:: Data records

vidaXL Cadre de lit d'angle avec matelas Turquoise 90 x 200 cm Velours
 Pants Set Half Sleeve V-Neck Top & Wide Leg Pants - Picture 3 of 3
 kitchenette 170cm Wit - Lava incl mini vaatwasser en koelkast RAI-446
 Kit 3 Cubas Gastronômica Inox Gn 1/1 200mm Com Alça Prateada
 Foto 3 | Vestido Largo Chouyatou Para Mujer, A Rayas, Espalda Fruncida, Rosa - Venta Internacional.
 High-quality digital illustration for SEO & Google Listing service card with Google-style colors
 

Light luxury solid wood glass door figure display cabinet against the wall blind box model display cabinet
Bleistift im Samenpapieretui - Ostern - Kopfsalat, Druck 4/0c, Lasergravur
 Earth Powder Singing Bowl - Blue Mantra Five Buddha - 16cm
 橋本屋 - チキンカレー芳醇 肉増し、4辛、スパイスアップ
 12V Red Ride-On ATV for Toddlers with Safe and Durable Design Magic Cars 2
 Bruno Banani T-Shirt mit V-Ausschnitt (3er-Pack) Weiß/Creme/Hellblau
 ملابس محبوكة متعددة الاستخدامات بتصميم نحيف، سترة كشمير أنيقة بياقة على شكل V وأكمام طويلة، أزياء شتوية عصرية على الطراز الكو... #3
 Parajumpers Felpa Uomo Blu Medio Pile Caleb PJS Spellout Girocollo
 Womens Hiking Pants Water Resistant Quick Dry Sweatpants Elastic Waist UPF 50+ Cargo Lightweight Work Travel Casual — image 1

::::

Work to be completed: Look for the line that contains "Pants Set Half" in the entries above. Set it down, along with all later lines, exactly as written.

Answer to the exercise:
 Pants Set Half Sleeve V-Neck Top & Wide Leg Pants - Picture 3 of 3
 kitchenette 170cm Wit - Lava incl mini vaatwasser en koelkast RAI-446
 Kit 3 Cubas Gastronômica Inox Gn 1/1 200mm Com Alça Prateada
 Foto 3 | Vestido Largo Chouyatou Para Mujer, A Rayas, Espalda Fruncida, Rosa - Venta Internacional.
 High-quality digital illustration for SEO & Google Listing service card with Google-style colors
 

Light luxury solid wood glass door figure display cabinet against the wall blind box model display cabinet
Bleistift im Samenpapieretui - Ostern - Kopfsalat, Druck 4/0c, Lasergravur
 Earth Powder Singing Bowl - Blue Mantra Five Buddha - 16cm
 橋本屋 - チキンカレー芳醇 肉増し、4辛、スパイスアップ
 12V Red Ride-On ATV for Toddlers with Safe and Durable Design Magic Cars 2
 Bruno Banani T-Shirt mit V-Ausschnitt (3er-Pack) Weiß/Creme/Hellblau
 ملابس محبوكة متعددة الاستخدامات بتصميم نحيف، سترة كشمير أنيقة بياقة على شكل V وأكمام طويلة، أزياء شتوية عصرية على الطراز الكو... #3
 Parajumpers Felpa Uomo Blu Medio Pile Caleb PJS Spellout Girocollo
 Womens Hiking Pants Water Resistant Quick Dry Sweatpants Elastic Waist UPF 50+ Cargo Lightweight Work Travel Casual — image 1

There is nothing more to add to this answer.